The majority of horse races run in Britain are handicap races which, as the Encyclopaedia Britannica rightly points out, represent ‘an outright repudiation of the classic concept that the best horse should win’. However, the aim of the handicapping system is to create competitive races, in which each horse has, at least in theory, an equal chance of winning.
The British Horseracing Authority (BHA) employs a team of handicappers, who analyse every horse in every race and award a ‘performance figure’ which, in turn, is used as a basis for a ‘handicap rating’. A handicap rating expresses, in imperial pounds, the ability of a horse in the eyes of the BHA and determines the weight it is allocated in a handicap race. The horses that are eligible to run in a particular handicap race, in terms of handicap ratings, are stipulated in the race conditions. In, say, a handicap open to three-year-olds rated 0-55, a horse rated 55 would be allocated top weight, of 9st 7lb, while a horse rated 54 would be allocated 1lb less, or 9st 6lb, and so on.

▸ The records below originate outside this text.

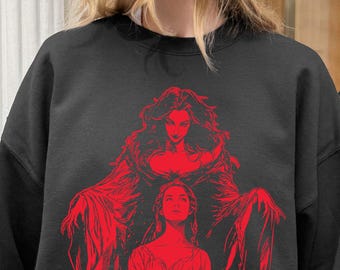 May include: A black crewneck sweatshirt featuring a bold red graphic print on the chest. The design depicts a central figure standing behind a seated person, both rendered in a detailed, illustrative style with flowing garments and long hair.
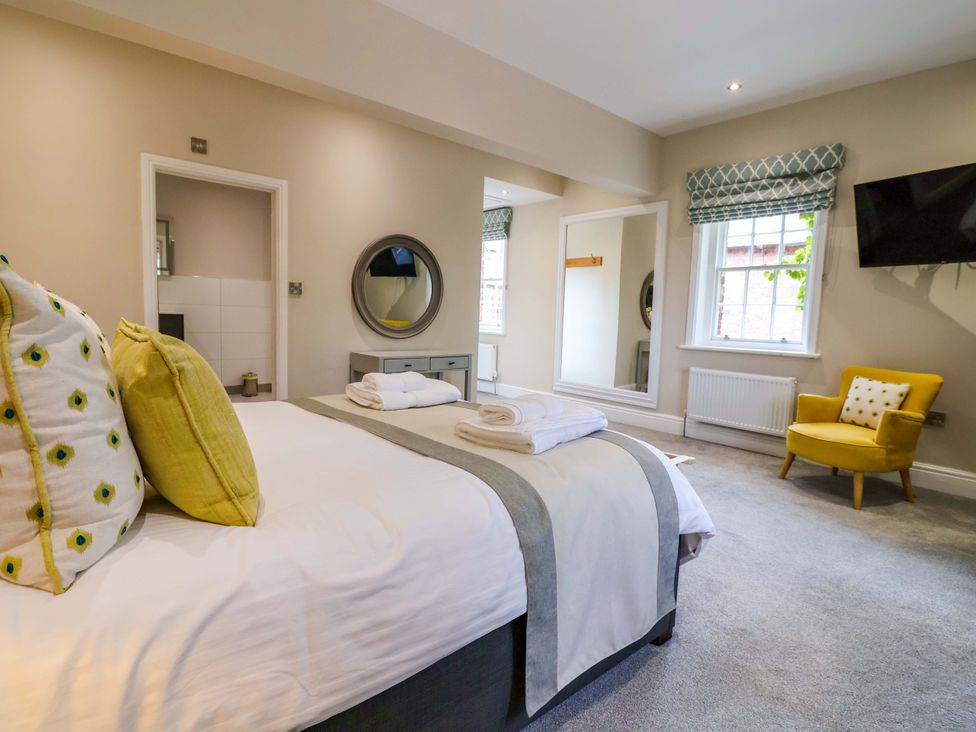 A bedroom with a bed and armchair at Carriage House Capesthorne near Chelford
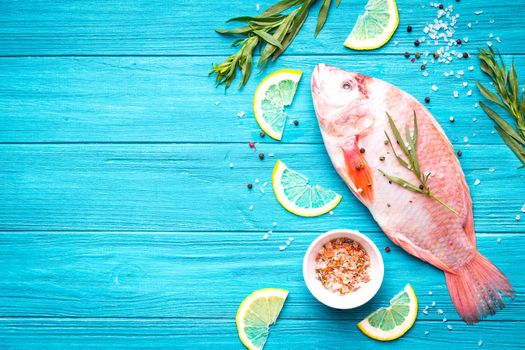 Fresh fish tilapia ready to cook. Raw fish with herbs, lemon, salt, pepper on wooden rustic background. Ingredients for cooking or making healthy dinner. Fish background. Space for text. Diet/healthy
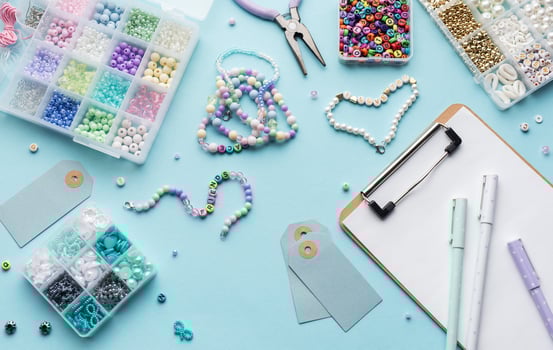 Colorful beads, pliers, clipboard and price tags arranged on blue surface for diy bracelet making photo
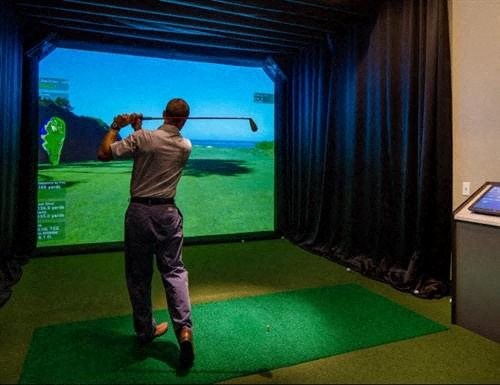 a man playing a game of golf on a simulator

Trainers often query the treatment of their horses by the BHA handicapping team but, while performance assessment may include informed opinion, as well as fact, each handicapper must provide a logical, reasoned explanation for any decision. Typically, a handicapper seeks to identify a horse that runs to the same level of form as its current handicap rating, or has run to the same level in recent races, and therefore provides a ‘benchmark’ for the race being assessed. Thereafter, the relative merits of the other runners in the race can be assessed using a sliding scale of pounds-per-length figures, ranging from 3lb a length for five-furlong races to 1lb a length for races over fifteen furlongs on the Flat, or National Hunt races.